Ma note:
8/10
Voici la quatrième de couverture :
«Dans quel village me suis-je égaré ? y a-t-il donc ici un château ?
- Mais oui, dit le jeune homme lentement, et quelques-uns des paysans hochèrent la tête, c'est le château de M. le Comte Westwest.
- Il faut avoir une autorisation pour pouvoir passer la nuit ? demanda K. comme s'il cherchait à se convaincre qu'il n'avait pas rêvé ce qu'on lui avait dit.
- Il faut avoir une autorisation, lui fut-il répondu, et le jeune homme, étendant le bras, demanda, comme pour railler K., à l'aubergiste et aux clients :
- A moins qu'on ne puisse s'en passer ?...»

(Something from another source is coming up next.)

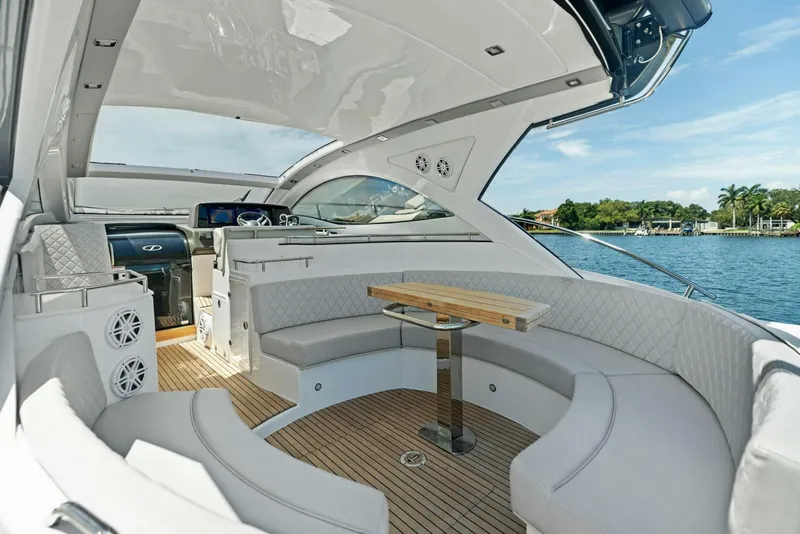 Slide: The Image of Luxurious 2022 Schaefer 400 Coupe yacht interior with elegant seating and scenic water view. - 25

K. arrive dans un village. Cet homme ne semble pas avoir de passé (il n'aura pas d'avenir non plus), ce qui le distingue clairement des autres hommes sur cette terre. Par contre, il est arpenteur, ce qui montre qu'il a probablement fait des études dans ce domaine. Et monsieur le comte l'a fait venir dans son village, dans son château qu'il tentera d'atteindre. La scène du début rappelle "Le procès" parce que K. est surpris par des hommes, et cela donne lieu à un échange aussi absurde pour K. que rationnel pour les hommes. Ensuite K. arrive proche du village et commence ses tentatives pour pénétrer dans le château. Cette entreprise est vouée d'avance à l'échec comme si Kafka n'offrait aucune réussite possible à ses personnages principaux. "K. se trouvait là comme dans un nuage" nous dit Kafka. Le château semble tranquillement s'incruster sous la peau de K. La neige, très symbolique, ajoute un élément écrasant à l'histoire, elle recouvre de son manteau blanc les environs du château. Le temps se disloque dans ce roman, K. étant perdu dans une temporalité (et un espace) devenu invraisemblable. Le château deviendra de plus en plus inatteignable pour lui, et la dangereuse machination de l'écrivain en résultera à la défaite absolue pour son personnage, qui lui, reflètera l'aliénation de la société tout entière.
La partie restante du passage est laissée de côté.